2. "flashcards": A list of at least 5 key terms and concise definitions
extracted from the video.
The goal of the app is to enhance understanding through simple and playful
design. A junior web developer should be able to implement it in a single
HTML file (with all styles and scripts inline). The spec must clearly outline
the core mechanics, and those mechanics must be highly effective in reinforcing
the video's key ideas.
Stage 2 — Software Architect (Gemini 1.5 Pro)
The second model receives the spec and generates a pristine, single-file HTML/CSS/JS application — no frameworks, no external dependencies — ready to run inside a sandboxed iframe.
Key prompt controls exposed to the user:
- Temperature — Controls AI creativity (0.0 → 1.0)
- Academic Intensity — Concise, Balanced, or Detailed lesson depth
- Model Selection — Swap between Flash and Pro at each stage
The Tech Stack
| Layer | Technology |
|---|---|
| Frontend | React 18 + Vite (SPA) |
| Styling | Tailwind CSS + motion animations |
| Code Editor | Monaco Editor (same engine as VS Code) |
| Charts | Recharts |
| Icons | Lucide React |
| AI |
@google/genai TypeScript SDK |
| Backend | Node.js + Express 5 |
| Runtime |
tsx (direct TypeScript execution) |
The Gemini API key lives exclusively on the server — never exposed to the client bundle.
The Workspace
Once a learning app is generated, users get a three-tab workspace:
🖥️ Render Tab
A live sandboxed <iframe> running the generated app — fully interactive, no page reload required.
📝 Source Tab
A full Monaco Editor showing (and letting you edit) the raw generated HTML/JS/CSS. Any saved changes hot-reload the preview instantly.
📋 Spec Tab
Inspect or edit the curriculum blueprint produced by the Semantic Analyst — great for prompting a regeneration with tweaks.
There's also a Zen Mode (fades surrounding UI to focus on the lesson) and Fullscreen Mode for distraction-free study.
Demo
🔗 Live App → (https://voilaa-498153626537.us-west1.run.app/)

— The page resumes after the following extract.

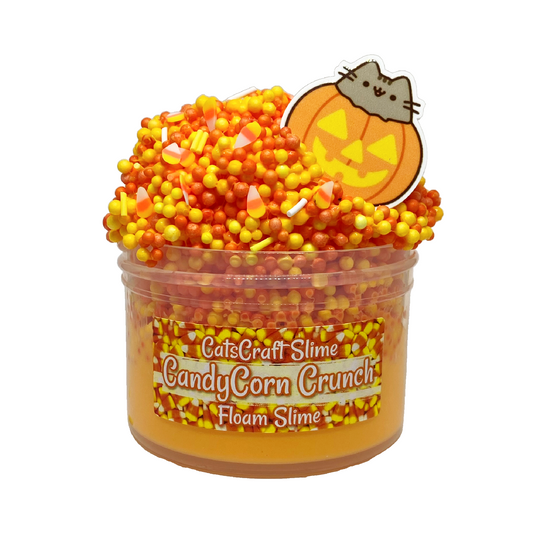 Full Floam Slime "Candycorn Crunch" SCENTED crunchy ASMR foam beads Halloween slime with cat charm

Example: Paste a YouTube tutorial on music theory
→ Gemini analyzes chord progressions, tension, and resolution
→ Generates an interactive piano simulator with chord-click feedback
→ Flashcard deck covers: Tonic, Dominant, Leading Tone, Cadence, Voice Leading
Example: Paste a YouTube lecture on sorting algorithms
→ Gemini generates a step-by-step animated bubble sort / merge sort visualizer
→ Flashcards cover time complexity, in-place sorting, stability, etc.
My Experience
What surprised me most
I expected the hardest part to be the frontend sandbox mechanics. It wasn't. The hardest part was prompt engineering the Semantic Analyst.
Early versions of the spec prompt produced specs that were either too vague ("make an interactive quiz") or too ambitious ("build a multi-page React app with a backend"). The breakthrough was adding the constraint:
"A junior web developer should be able to implement it in a single HTML file."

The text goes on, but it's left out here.